Schnitzel: comfort food, guilty pleasure, beloved by kids and adults alike. While there’s nothing like a freshly fried, crisp cutlet, I’m no schnitzel snob; I’ll happily gobble down a slightly greasy, slightly soggy schnitty (as the Aussies fondly call it), and even turn to the frozen, packaged version on occasion (usually after hitting the town). And nothing beats a schnitzel sandwich.
Still, I’m happy to report that the following five schnitzel recipes yield high-caliber schnitzel — no sogginess insight. So what are you waiting for? Get frying!
Before you start riffing on the classic schnitzel, it’s best to master the basics. Lightly marinated in egg, mustard, and garlic then coated in bread crumbs and sesame seeds, this is a fail-safe recipe for thin, crunchy, Israeli-style schnitzel that I go back to time after time.

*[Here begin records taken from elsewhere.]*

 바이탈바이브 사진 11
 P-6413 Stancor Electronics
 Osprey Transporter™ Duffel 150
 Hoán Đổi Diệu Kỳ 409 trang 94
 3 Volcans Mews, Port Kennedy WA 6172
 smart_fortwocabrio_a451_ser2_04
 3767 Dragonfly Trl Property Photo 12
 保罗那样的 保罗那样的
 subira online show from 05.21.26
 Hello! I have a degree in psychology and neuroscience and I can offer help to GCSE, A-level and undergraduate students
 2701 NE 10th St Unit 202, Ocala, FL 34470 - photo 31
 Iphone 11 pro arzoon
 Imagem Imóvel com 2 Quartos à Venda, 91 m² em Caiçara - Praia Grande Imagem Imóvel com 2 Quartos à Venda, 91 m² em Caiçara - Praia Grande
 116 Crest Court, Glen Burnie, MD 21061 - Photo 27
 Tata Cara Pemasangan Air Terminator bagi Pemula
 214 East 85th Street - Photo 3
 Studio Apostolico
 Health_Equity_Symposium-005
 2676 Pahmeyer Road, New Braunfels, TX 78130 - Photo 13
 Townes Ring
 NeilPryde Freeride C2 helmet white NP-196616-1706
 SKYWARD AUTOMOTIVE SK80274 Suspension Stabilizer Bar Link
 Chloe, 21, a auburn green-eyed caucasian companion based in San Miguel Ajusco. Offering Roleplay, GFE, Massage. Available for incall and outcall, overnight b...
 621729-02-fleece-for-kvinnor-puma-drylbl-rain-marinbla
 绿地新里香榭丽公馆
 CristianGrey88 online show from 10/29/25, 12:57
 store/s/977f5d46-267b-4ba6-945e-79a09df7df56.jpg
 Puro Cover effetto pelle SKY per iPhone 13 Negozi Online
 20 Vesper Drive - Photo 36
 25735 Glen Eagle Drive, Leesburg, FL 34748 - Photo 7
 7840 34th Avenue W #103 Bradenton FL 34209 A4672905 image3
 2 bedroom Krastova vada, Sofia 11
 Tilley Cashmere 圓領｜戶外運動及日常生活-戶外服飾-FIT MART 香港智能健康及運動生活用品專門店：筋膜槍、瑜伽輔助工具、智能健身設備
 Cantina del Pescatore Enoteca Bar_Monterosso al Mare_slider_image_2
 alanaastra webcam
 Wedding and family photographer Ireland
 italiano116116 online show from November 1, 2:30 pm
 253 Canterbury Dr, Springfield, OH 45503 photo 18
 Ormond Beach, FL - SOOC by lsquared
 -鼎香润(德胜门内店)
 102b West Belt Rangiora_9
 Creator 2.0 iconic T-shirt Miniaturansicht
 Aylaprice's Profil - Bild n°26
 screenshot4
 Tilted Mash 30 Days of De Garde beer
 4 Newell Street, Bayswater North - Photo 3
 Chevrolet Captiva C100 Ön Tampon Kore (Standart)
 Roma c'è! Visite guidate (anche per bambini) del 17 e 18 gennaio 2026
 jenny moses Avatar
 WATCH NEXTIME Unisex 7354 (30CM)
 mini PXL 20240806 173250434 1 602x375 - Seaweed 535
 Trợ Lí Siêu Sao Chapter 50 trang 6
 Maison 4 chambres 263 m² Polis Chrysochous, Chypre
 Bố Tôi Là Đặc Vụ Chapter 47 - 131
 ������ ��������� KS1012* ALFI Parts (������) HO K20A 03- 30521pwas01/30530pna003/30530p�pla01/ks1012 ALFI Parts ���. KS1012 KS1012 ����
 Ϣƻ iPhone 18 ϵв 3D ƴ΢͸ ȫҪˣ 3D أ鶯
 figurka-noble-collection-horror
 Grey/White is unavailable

Bonus round: Don’t forget to bookmark this classic Passover-friendly recipe, which subs breadcrumbs for a mix of matzah and almond meals.
Time for an Upgrade
Inject some serious flavor (and use up leftovers that would otherwise be thrown away) by brining your chicken overnight before frying. This recipe calls for pickle juice, in addition to a bunch of other aromatics, to make up the brine, and uses cornflake crumbs instead of bread crumbs for a super crispy finish. It also recommends finishing the schnitzels with a drizzle of spicy honey — a pure stroke of genius.
Snack-sized schnitzel strips are a great way to feed a crowd at a party — be it a kid’s birthday, the Superbowl, or as part of a buffet. This recipe calls for black and white sesame seeds for a fun finish and serves the strips with a green tahini dip. Fresh with parsley and zingy with lemon juice, it’s the perfect accompaniment.
With a Twist
For my Uruguayan in-laws, the default schnitzel is made with beef, not chicken. This is likely the influence of the country’s Italian population — it’s essentially a take on the milanese. Sub 2-6 ounce top round or sirloin cuts for chicken in your favorite schnitzel recipe, and proceed as normal. You can pound the meat to 1/4 inch thickness, or leave it thick and juicy!
Eat Your Veggies
This cabbage schnitzel is not just for vegetarians — it’s a delicious dish in its own right. Hailing from Russian and Eastern-European kitchens where cabbage was one of the only veggies available in the winter, these patties are rich and savory — and just as crispy as their chicken counterparts.